Art Therapy and Migraine

Art and Migraine: An Interview with Amanda Ingrassia

Art and Migraine: An Interview with Amanda Ingrassia

I’m back with another MSW art therapy for chronic illness interview. Today’s interview showcases artist Amanda Ingrassia and how she uses art therapy for chronic migraine.

Amanda Ingrassia is an advocate in the chronic illness community. She is best known for her work in the Chronic Migraine community, being the founder and Editor in Chief of My Chronic Brain, a magazine devoted to helping Chronic Migraine patients live their extraordinary lives. Amanda, also known as Mia, lives in the southern US with her service dog Genius, and a random chicken that showed up in her backyard one day.

Readers, note that I am using purple to outline my questions which is the color of awareness for migraine disease and headache disorders.

Amanda, thank you so much for joining our series of chronically ill artists. I’m so glad we connected over Twitter and I’m really excited to showcase your art therapy coping skills for our readers today. Let’s get started!

MSW: Can you tell us a little about yourself? When did you first become interested in art?

AI: Hi! I’m Amanda Ingrassia. I became interested in art in my early 20s. I had a lot of emotions I wasn’t sure how to work through. I discovered art gave me an outlet for things I didn’t have words for. 

MSW: Could you tell us a little about the projects you’re working on at the moment?
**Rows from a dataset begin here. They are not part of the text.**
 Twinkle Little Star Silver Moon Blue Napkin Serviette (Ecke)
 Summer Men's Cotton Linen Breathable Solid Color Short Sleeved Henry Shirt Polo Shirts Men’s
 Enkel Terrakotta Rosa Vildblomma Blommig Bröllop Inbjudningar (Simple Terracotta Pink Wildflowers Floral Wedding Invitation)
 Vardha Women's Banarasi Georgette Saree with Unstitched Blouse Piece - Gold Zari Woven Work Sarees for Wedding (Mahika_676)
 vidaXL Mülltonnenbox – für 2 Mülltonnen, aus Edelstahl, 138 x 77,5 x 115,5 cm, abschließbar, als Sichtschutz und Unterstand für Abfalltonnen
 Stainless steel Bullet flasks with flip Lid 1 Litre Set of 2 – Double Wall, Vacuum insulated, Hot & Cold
AI: Right now, I’m really into watercolor and digital arts such as working with Procreate on my iPad.

MSW: How do you use your art to help with chronic migraines?
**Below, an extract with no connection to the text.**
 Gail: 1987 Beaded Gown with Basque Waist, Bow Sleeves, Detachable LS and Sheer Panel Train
AI: That’s a really good question! Stress can exacerbate Chronic Migraine, so I often use art to help focus my mind and reduce my stress. I’m on the extreme end of the Migraine spectrum, so I have attacks constantly. (Since 2005!)

MSW: Do you ever create art that describes your pain or your emotional or physical state of being? Would you mind sharing some images with us?

AI: Yes, definitely. Most of my art revolves around expressing things I can’t find words for. In addition to Chronic Migraine, I also have anxiety disorders and depression. Art–especially painting–has really helped me express some of the inner pain that comes with those diseases.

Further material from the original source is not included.